Patent Trolls
This article was taken from the Venner Shipley Newsletter edition 21
Definition: companies or individuals that buy patents with the sole purpose of enforcing them against big companies to get royalty income or other financial awards. Examples are NTP and Intellectual Ventures in the US and also Inpro in Europe.
Research in Motion (RIM), the manufacturer of the Blackberry hand held device, has had real problems in the USA with litigation bought by NTP, a patent troll run by Don Stout, a US patent attorney. The case has now been settled, with RIM paying a large sum to NTP. The validity of the patents concerned however, is still in dispute at the US Patent Office.
Another troll - Inpro, has recently lost a patent action against RIM in the UK Courts. Inpro is a company set up purely to make money out of patents they have bought in for this purpose.

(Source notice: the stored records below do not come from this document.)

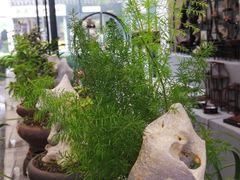 -东吴面馆(十全街店)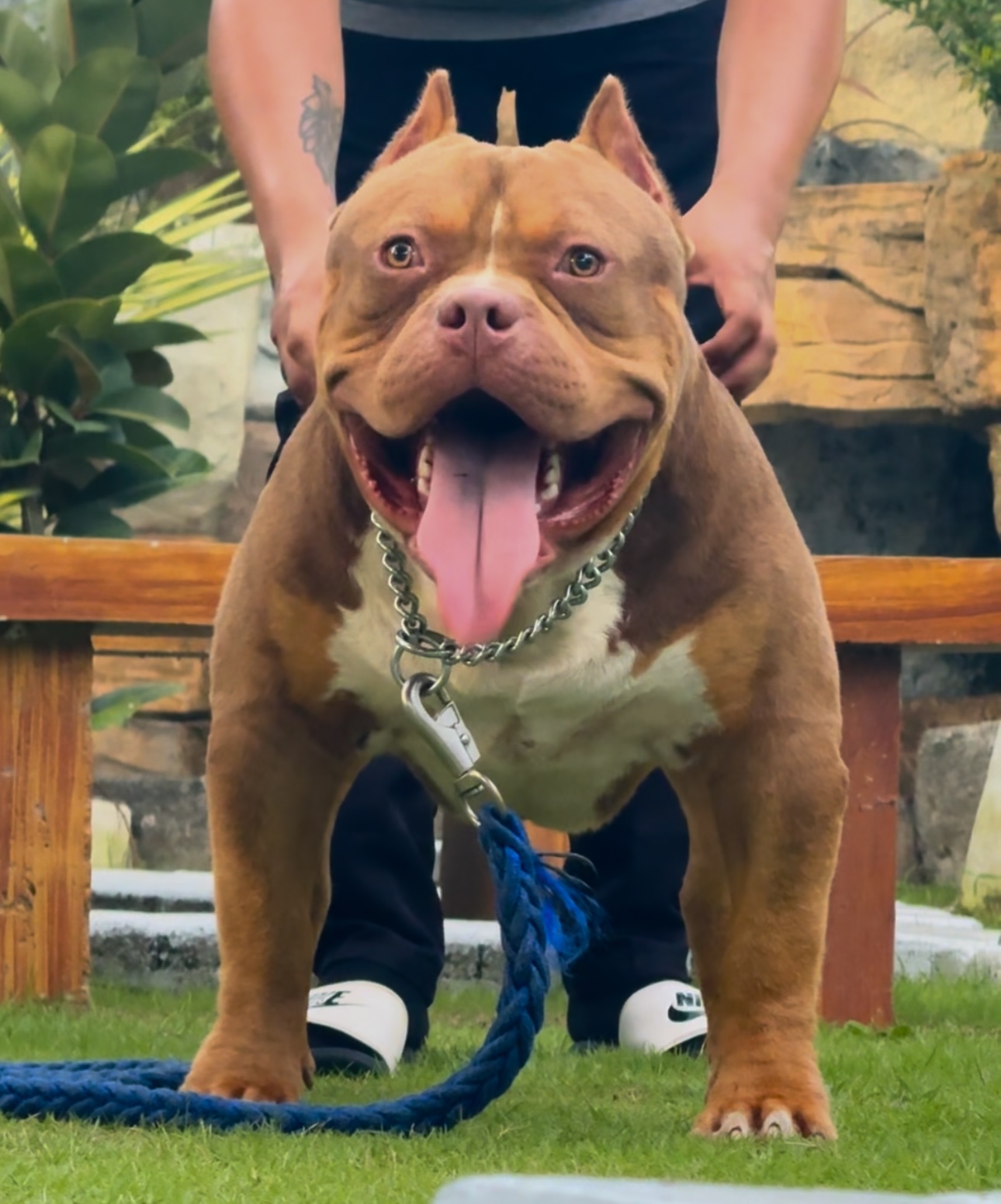 Dog Featured Image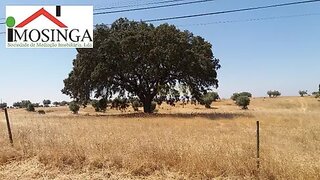 Land for sale in Ferreira do Alentejo, Portugal — €100,000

Research in Motion UK Limited (RIM), the UK subsidiary of the provider of the BlackBerry, sought revocation of Inpro Licensing Sarl's (Inpro) patent for a computing system that enables small computer devices to use the Internet. Essentially, the system used a proxy server to carry out much of the ‘heavy’ computing providing the portable computer with manageable content. Inpro counterclaimed against RIM and its licensee T-Mobile (UK) Limited for patent infringement. The judge held the patent invalid for obviousness.